Lo que reflejan los periódicos del presente es un panorama
de caos, con ríos desbordados, marejadas que han invadido las zonas costeras,
árboles arrancados de cuajo, techos y ventanas volando por los aires, antenas,
postes y semáforos caídos, carreteras cortadas, puentes rotos, miles de
personas sin electricidad y sin agua, y muertos, muchos o pocos, pero víctimas
mortales que no pudieron resistir el zarpazo terrible del huracán. El interés
de los meteorólogos es prever la fuerza y el desplazamiento de estos fenómenos,
la preocupación de la gente es sobrevivirlos cuando, a pesar de los avances
modernos, siguen siendo una fuerza devastadora y, en muchos casos, mortal.
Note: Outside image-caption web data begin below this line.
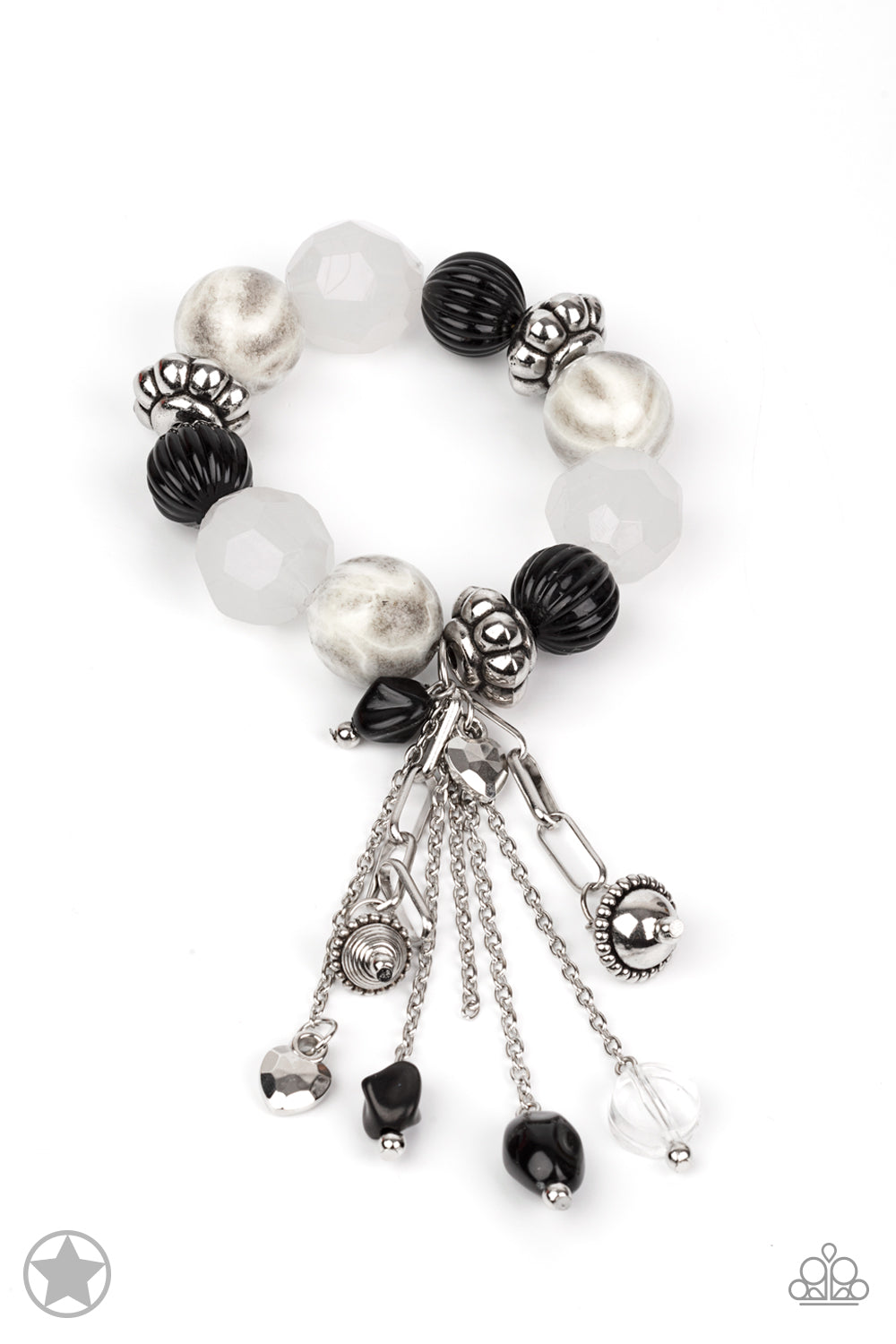 "Lights! Camera! Action!" - Black #2005 - Paparazzi Accessories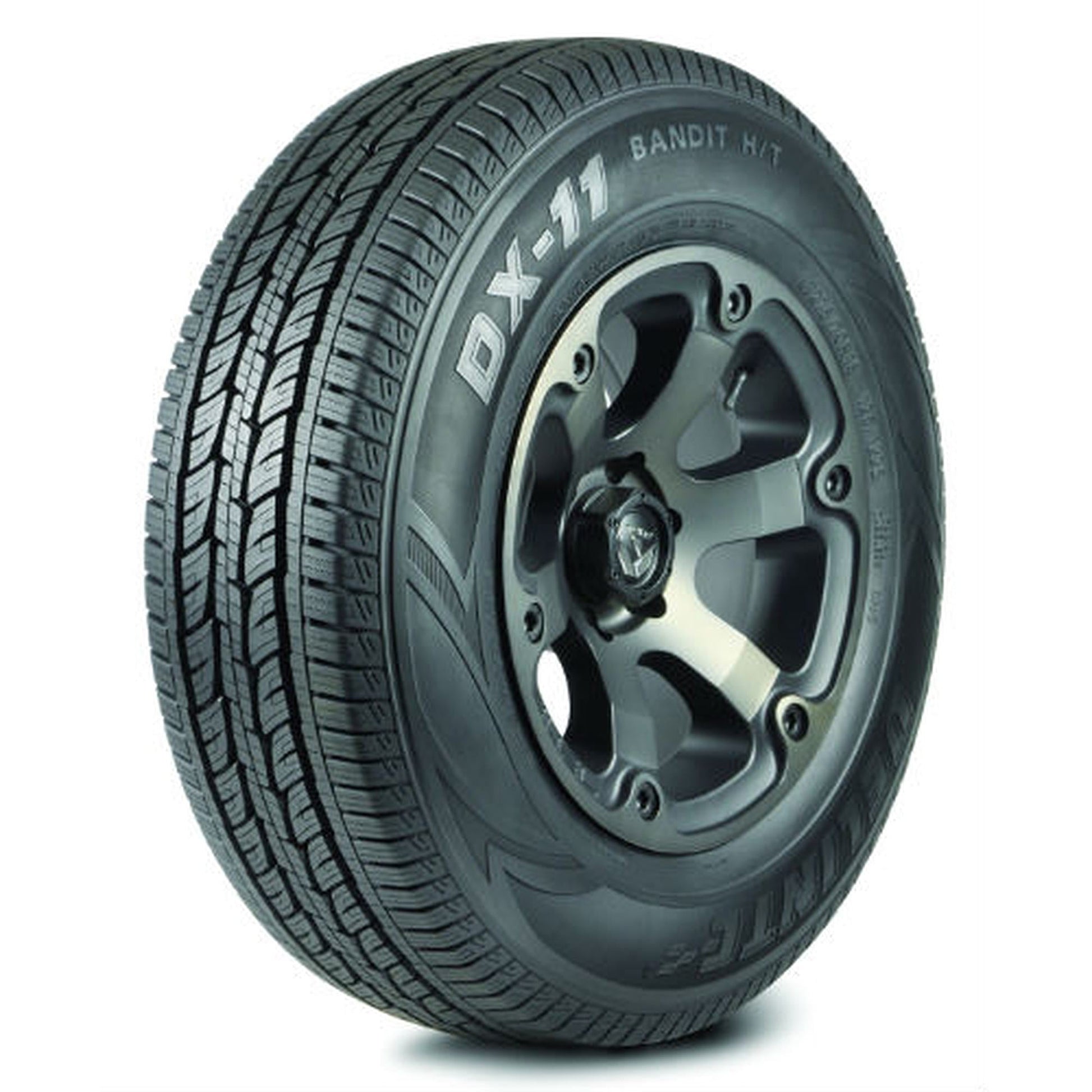 Delinte DX-11 All Season LT225/75R16 115/112S E Light Truck Tire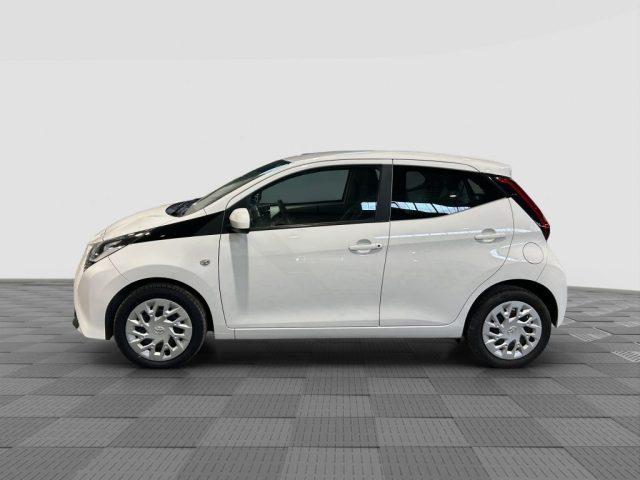 TOYOTA Aygo Aygo 2ª serie 1.0 VVT-i 5 porte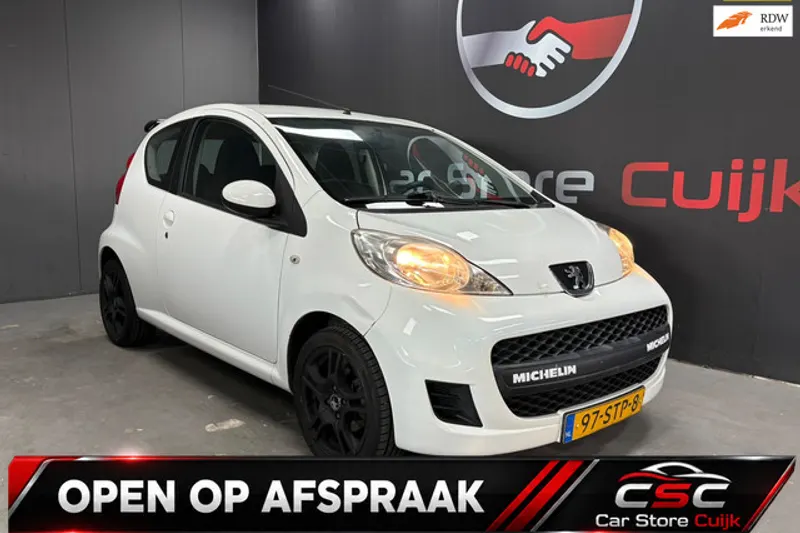 Peugeot 107 (2011)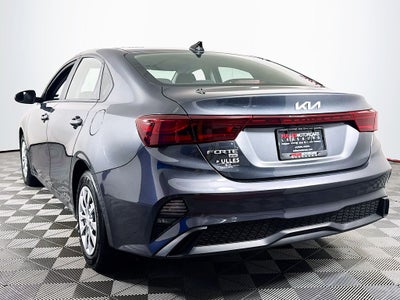 2024 Kia Forte LX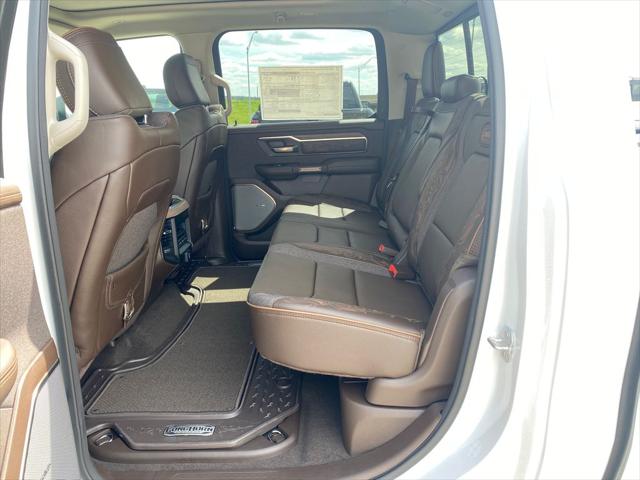 2026 Ram 1500 Limited Longhorn Crew Cab 4x4 5'7" Box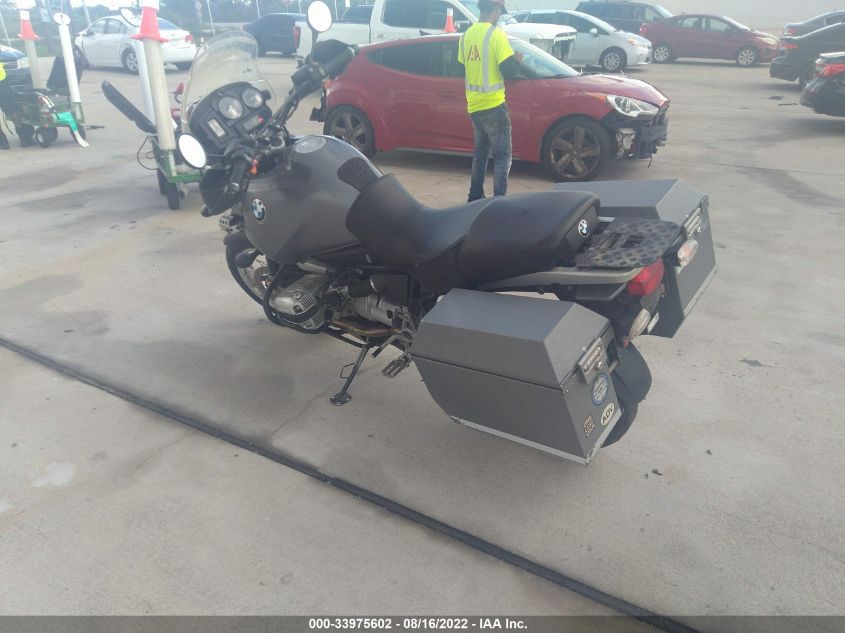 2003 BMW R1150 GS WB10495A83ZE54829
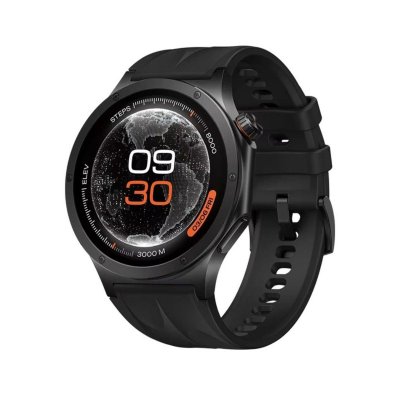 ONEPLUS Montre Connect&eacute;e  Watch 4 46mm Noir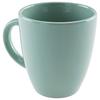 Kaffeebecher Steinzeug 300 ml Uni/Mint Fiorella - Mintgrün, KONVENTIONELL, Keramik (0,3l) - Luca Bessoni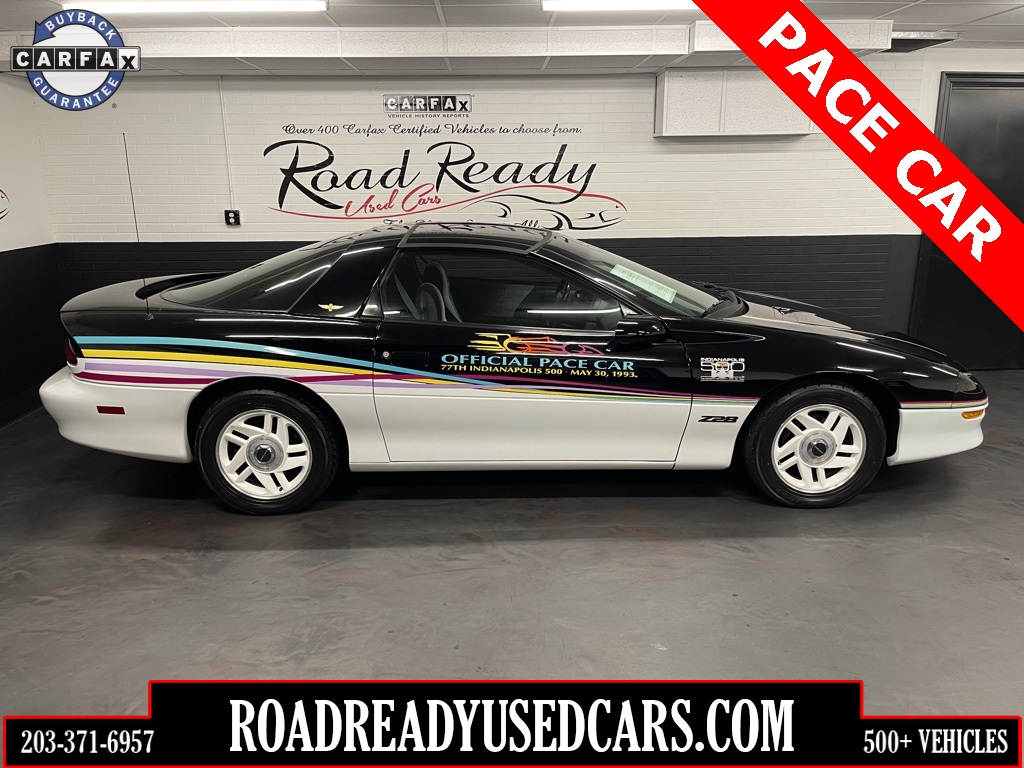 1993 Chevrolet Camaro Z28 Coupe in Ansonia 15711 Road Ready Used Cars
Por
eso hoy, tras el paso de María por Puerto Rico, el solar de mi infancia, no
puedo menos que unirme en solidaridad con los que sufren y combaten esta
calamidad, borrando aquel recuerdo nostálgico de la niñez para sustituirlo por
la esperanza y entereza de los damnificados. Estoy convencido, haciendo mías
las palabras del gobernador de la isla, que “no hay ningún huracán más fuerte
que el pueblo de Puerto Rico”. Estoy seguro de ello.